Мать не останавливается ни перед чем, чтобы переломить экзальтированную благочестивость сына (в этом и парадокс – родители Феодосия представлены агиографом как благочестивые и богобоязненные люди!), она жестоко избивает его, сажает на цепь, срывает с тела отрока вериги. Когда Феодосию удается уйти в Киев в надежде постричься в одном из тамошних монастырей, мать объявляет большое вознаграждение тому, кто укажет ей местонахождение сына. Она обнаруживает его, наконец, в пещере, где он подвизается вместе с Антонием и Никоном (из этого обиталища отшельников вырастает впоследствии Киево-Печерский монастырь). И тут она прибегает к хитрости: она требует у Антония показать ей сына, угрожая, что в противном случае “погубит” себя “перед дверьми печеры”.

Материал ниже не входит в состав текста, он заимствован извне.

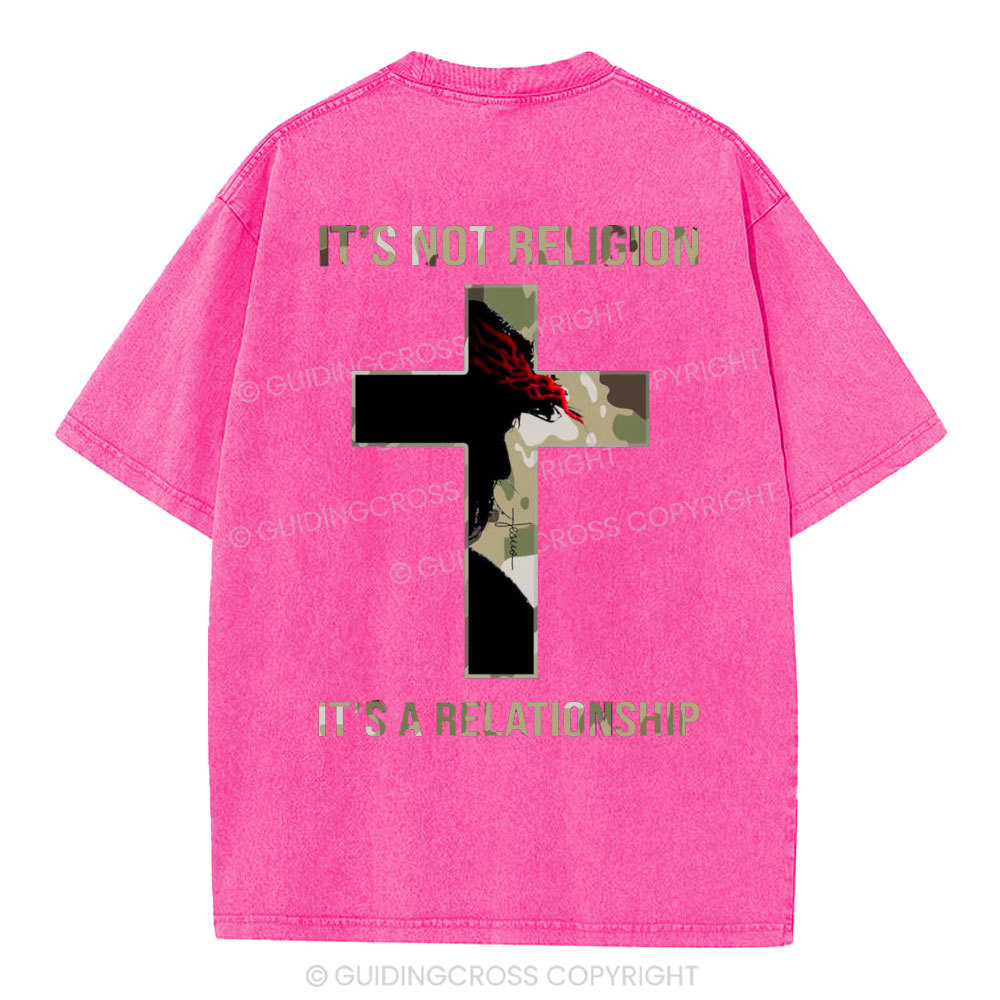 It's Not Religion It's A Relationship Christian Washed T-Shirt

Но, увидев Феодосия, лицо которого “изменилося от многого его труда и въздержания”, женщина не может больше гневаться: она, обняв сына, “плакашеся горько”, умоляет его вернуться домой и делать там, что захочет (“по воли своей”). Феодосии непреклонен, и по его настоянию мать постригается в одном из женских монастырей. Однако мы понимаем, что это не столько результат убежденности в правильности избранного им пути к богу, а скорее поступок отчаявшейся женщины, понявшей, что, лишь став инокиней, она сможет хотя бы изредка видеть сына.

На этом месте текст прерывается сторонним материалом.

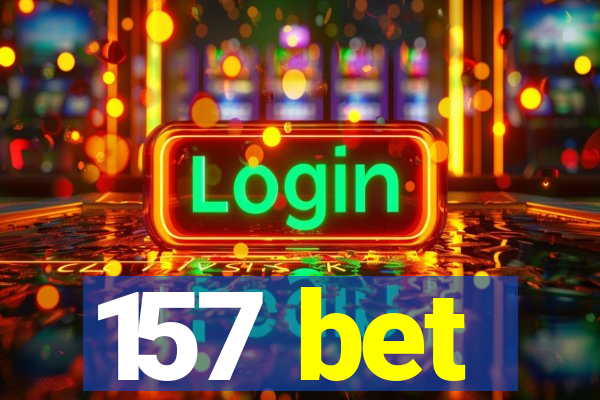 157 bet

Сложен и характер самого Феодосия.
Он обладает всеми традиционными добродетелями подвижника: кроток, трудолюбив, непреклонен в умерщвлении плоти, исполнен милосердия, но когда в Киеве происходит между княжеская распря (Святослав сгоняет с великокняжеского престола своего брата – Изяслава Ярославича), Феодосии активно включается в сугубо мирскую политическую борьбу и смело обличает Святослава. Но самое замечательное в “Житии” – это описание монастырского быта и особенно творимых Феодосием чудес. Именно здесь проявилась та “прелесть простоты и вымысла” легенд о киевских чудотворцах, которой так восхищался А. С. Пушкин. Вот одно из таких чудес, творимых Феодосием.

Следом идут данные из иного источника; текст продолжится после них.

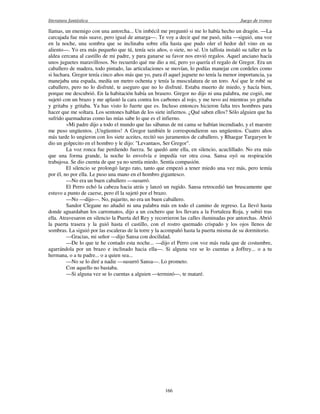 literatura fantástica Juego de tronos
166
llamas, un enemigo con una antorcha... Un imbécil me preguntó si me lo había hecho un dragón. —La
carcajada fue más suave, pero igual de amarga—. Te voy a decir qué me pasó, niña —siguió, una voz
en la noche, una sombra que se inclinaba sobre ella hasta que pudo oler el hedor del vino en su
aliento—. Yo era más pequeño que tú, tenía seis años, o siete, no sé. Un tallista instaló su taller en la
aldea cercana al castillo de mi padre, y para ganarse su favor nos envió regalos. Aquel anciano hacía
unos juguetes maravillosos. No recuerdo qué me dio a mí, pero yo quería el regalo de Gregor. Era un
caballero de madera, todo pintado, las articulaciones se movían, lo podías manejar con cordeles como
si luchara. Gregor tenía cinco años más que yo, para él aquel juguete no tenía la menor importancia, ya
manejaba una espada, medía un metro ochenta y tenía la musculatura de un toro. Así que le robé su
caballero, pero no lo disfruté, te aseguro que no lo disfruté. Estaba muerto de miedo, y hacía bien,
porque me descubrió. En la habitación había un brasero. Gregor no dijo ni una palabra, me cogió, me
sujetó con un brazo y me aplastó la cara contra los carbones al rojo, y me tuvo así mientras yo gritaba
y gritaba y gritaba. Ya has visto lo fuerte que es. Incluso entonces hicieron falta tres hombres para
hacer que me soltara. Los sentones hablan de los siete infiernos. ¿Qué saben ellos? Sólo alguien que ha
sufrido quemaduras como las mías sabe lo que es el infierno.
»Mi padre dijo a todo el mundo que las sábanas de mi cama se habían incendiado, y el maestre
me puso ungüentos. ¡Ungüentos! A Gregor también le correspondieron sus ungüentos. Cuatro años
más tarde lo ungieron con los siete aceites, recitó sus juramentos de caballero, y Rhaegar Targaryen le
dio un golpecito en el hombro y le dijo: "Levantaos, Ser Gregor".
La voz ronca fue perdiendo fuerza. Se quedó ante ella, en silencio, acuclillado. No era más
que una forma grande, la noche lo envolvía e impedía ver otra cosa. Sansa oyó su respiración
trabajosa. Se dio cuenta de que ya no sentía miedo. Sentía compasión.
El silencio se prolongó largo rato, tanto que empezó a tener miedo una vez más, pero temía
por él, no por ella. Le puso una mano en el hombro gigantesco.
—No era un buen caballero —susurró.
El Perro echó la cabeza hacia atrás y lanzó un rugido. Sansa retrocedió tan bruscamente que
estuvo a punto de caerse, pero él la sujetó por el brazo.
—No —dijo—. No, pajarito, no era un buen caballero.
Sandor Clegane no añadió ni una palabra más en todo el camino de regreso. La llevó hasta
donde aguardaban los carromatos, dijo a un cochero que los llevara a la Fortaleza Roja, y subió tras
ella. Atravesaron en silencio la Puerta del Rey y recorrieron las calles iluminadas por antorchas. Abrió
la puerta trasera y la guió hasta el castillo, con el rostro quemado crispado y los ojos llenos de
sombras. La siguió por las escaleras de la torre y la acompañó hasta la puerta misma de su dormitorio.
—Gracias, mi señor —dijo Sansa con docilidad.
—De lo que te he contado esta noche... —dijo el Perro con voz más ruda que de costumbre,
agarrándola por un brazo e inclinado hacia ella—. Si alguna vez se lo cuentas a Joffrey... o a tu
hermana, o a tu padre... o a quien sea...
—No se lo diré a nadie —susurró Sansa—. Lo prometo.
Con aquello no bastaba.
—Si alguna vez se lo cuentas a alguien —terminó—, te mataré.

К нему, тогда уже игумену Киево-Печерского монастыря, приходит старший над пекарями и сообщает, что не осталось муки и не из чего испечь братии хлебы. Феодосии посылает пекаря: “Иди, съглядай в сусеце, еда како мало муки обрящеши в нем…” Но пекарь помнит, что он подмел сусек и замел в угол небольшую кучку отрубей – с три или четыре пригоршни, и поэтому убежденно отвечает Феодосию:
“Истину ти вещаю, отьче, яко аз сам пометох сусек тот, и несть в немь ничьсоже, разве мало отруб в угле единомь”. Но Феодосии, напомнив о всемогуществе бога и приведя аналогичный пример из Библии, посылает пекаря вновь посмотреть, нет ли муки в сусеке. Тот отправляется в кладовую, подходит к сусеку и видит, что сусек, прежде пустой, полон муки.
В этом эпизоде все художественно убедительно: и живость диалога, и эффект чуда, усиленный именно благодаря умело найденным деталям: пекарь помнит, что отрубей осталось три или четыре пригоршни, – это конкретно зримый образ и столь же зримый образ наполненного мукой сусека: ее так много, что она даже пересыпается через стенку на землю. Очень живописен следующий эпизод. Феодосии задержался по каким-то делам у князя и должен вернуться в монастырь.
Князь приказывает, чтобы Феодосия подвез в телеге некий отрок.
Тот же, увидев монаха в “убогой одежде” (Феодосии, и будучи игуменом, одевался настолько скромно, что не знавшие его принимали за монастырского повара), дерзко обращается к нему: “Чьрноризьче! Се бо ты по вься дьни пороздьнъ еси, аз же трудьн сый [вот ты все дни бездельничаешь, а я тружусь]. Не могу на кони ехати.
Но сице сътвориве [сделаем так]: да аз ти лягу на возе, ты же могый на кони ехати”. Феодосии соглашается. Но по мере приближения к монастырю все чаще встречаются люди, знающие Феодосия.
Они почтительно кланяются ему, и отрок понемногу начинает тревожиться: кто же этот всем известный монах, хотя и в убогой одежде?